Speyside region – 57.8% ABV – £59.50 – Bottled by Abbey Whisky and only 96 bottles!
For a long time, it seemed that Abbey Whisky was *THE* online shop to go to for hard-to-find, rare and ultra-premium bottles of whisky. I think they are still that source but Abbey has seemed to expand their offerings to include more off-the-shelf bottlings.
Expanding their presence even further Abbey has begun bottling their own whiskies. This 17yo single cask of Caperdonich is one of those.
Abbey whisky is well worth your time and perusal. What’s more is you’ll find their customer service to be among the best around.
Special thanks to MS from Abbey for the official sample.
With all of the Caperdonichs I’ve had, I can’t believe this is the first official review I’ve done of one of their whiskies…
On the nose — Upon initial sniffing, this seems like a hot lil’ bugger. Stinging in the nostrils and quite peppery.
Give it a few minutes and things become a bit different.
Loads of dried pineapples and green apple.
Maybe just a touch of cardboard and cigarette ash (minus any hint of smoke, if’n that makes sense to you. It does to me so, there.).
Seasoned oak and orange pekoe infused honey.
On the mouth — Big ol’ m*ther f*cking pepper fight in the mouth.
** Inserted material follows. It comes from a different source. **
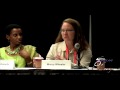 Marcy Wheeler: Car manufacturing issues - Netroots Nation Day 1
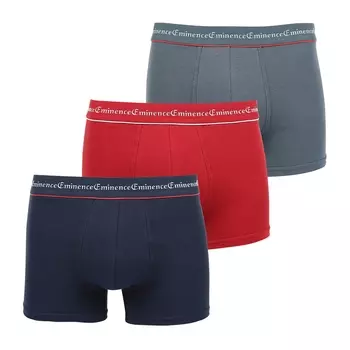 Комплект из 3 трусов-боксеров Le 33 Trio Business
Explosions of peppery and spiced oak, vanilla and unripened citrus fruits.
Give this some time (as with the nose) and you’re rewarded.
There are flavors behind the heat and the heat does, in fact, dissipate.
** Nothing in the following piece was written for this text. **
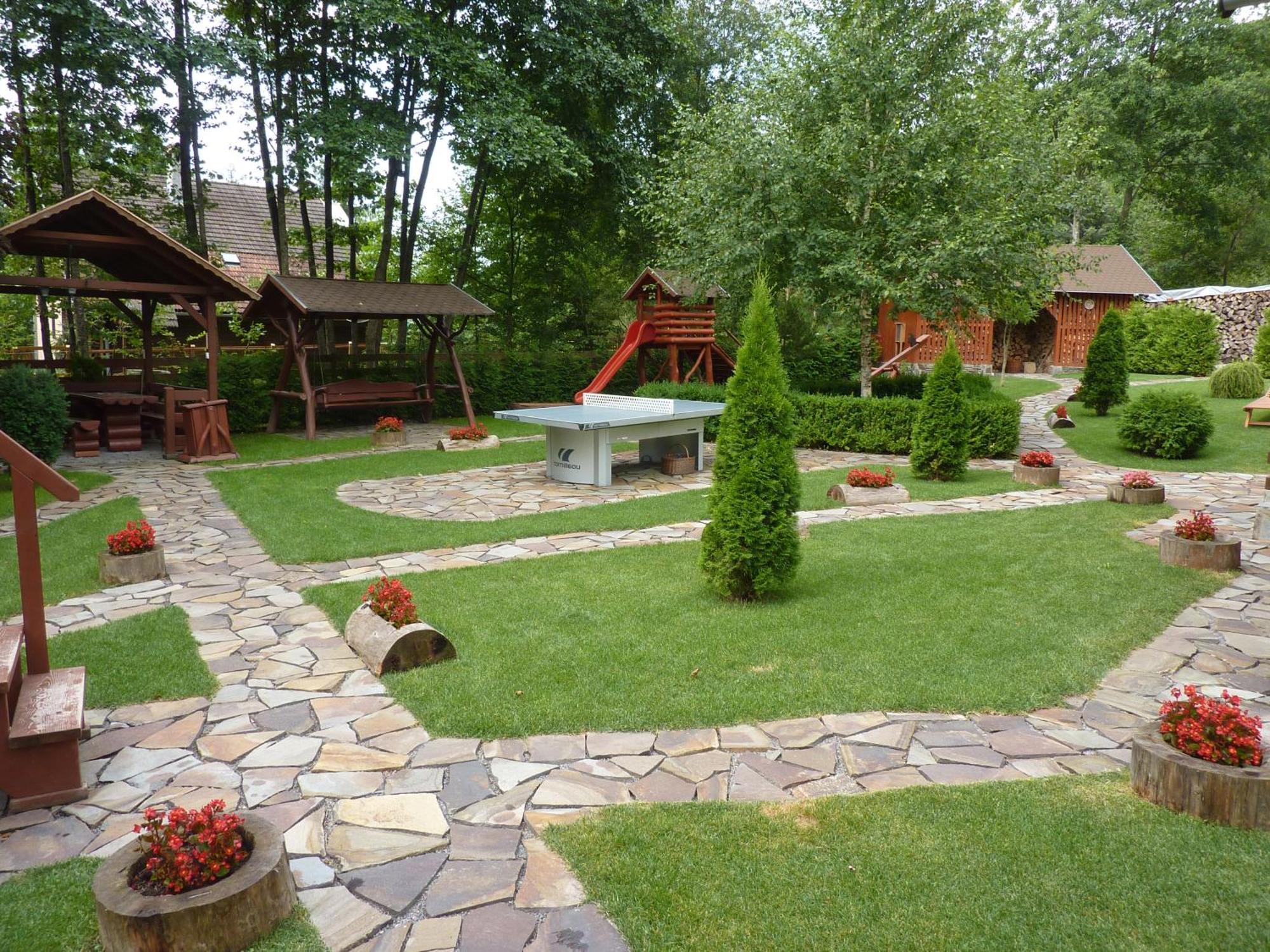 Nagy Lak Villa Sub Cetate Luaran gambar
The whisky gets creamy and I am reminded of vanilla bean ice cream.
Wood spiced vanilla and honey (and again, just a touch of ash without the smoke).
Finish — Lasting spice and vanilla, and I mean LASTING.
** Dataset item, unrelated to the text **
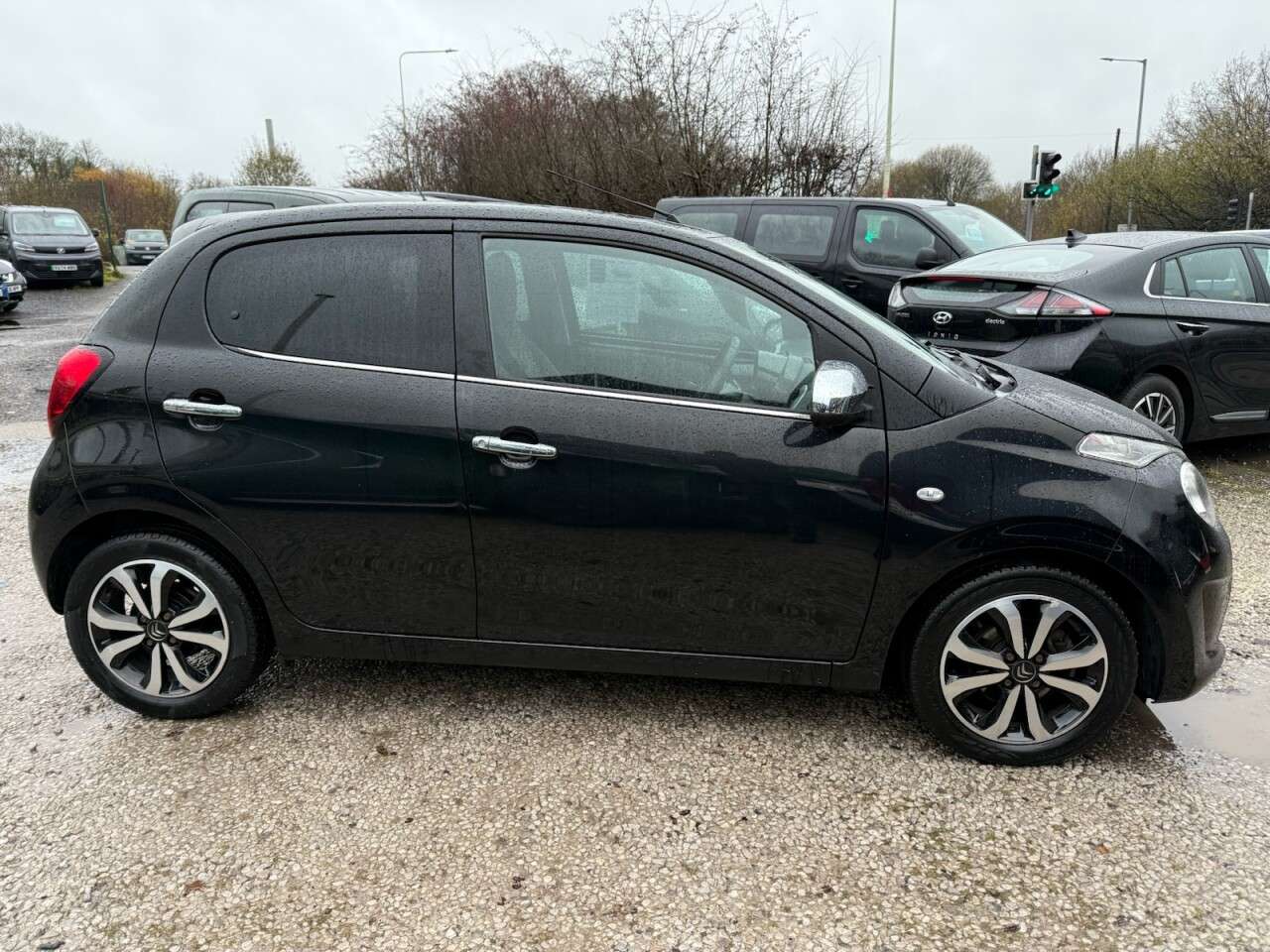 2018 CITROEN C1 2018 CITROEN C1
In sum — Take heed the words of the very smart Chinese Sage, Confucius. Patience, good friends is a virtue. Sure I could have used some water but I held off when I found the amazing evolution on the nose. I wanted to let this one ride out in its most natural form, without the addition of water. This is, without a doubt a Sunday morning dram. Sit down with the newspaper (remember those?), get disgusted with the news, say “F” it all and just enjoy some fine whisky and a true pick-me-up.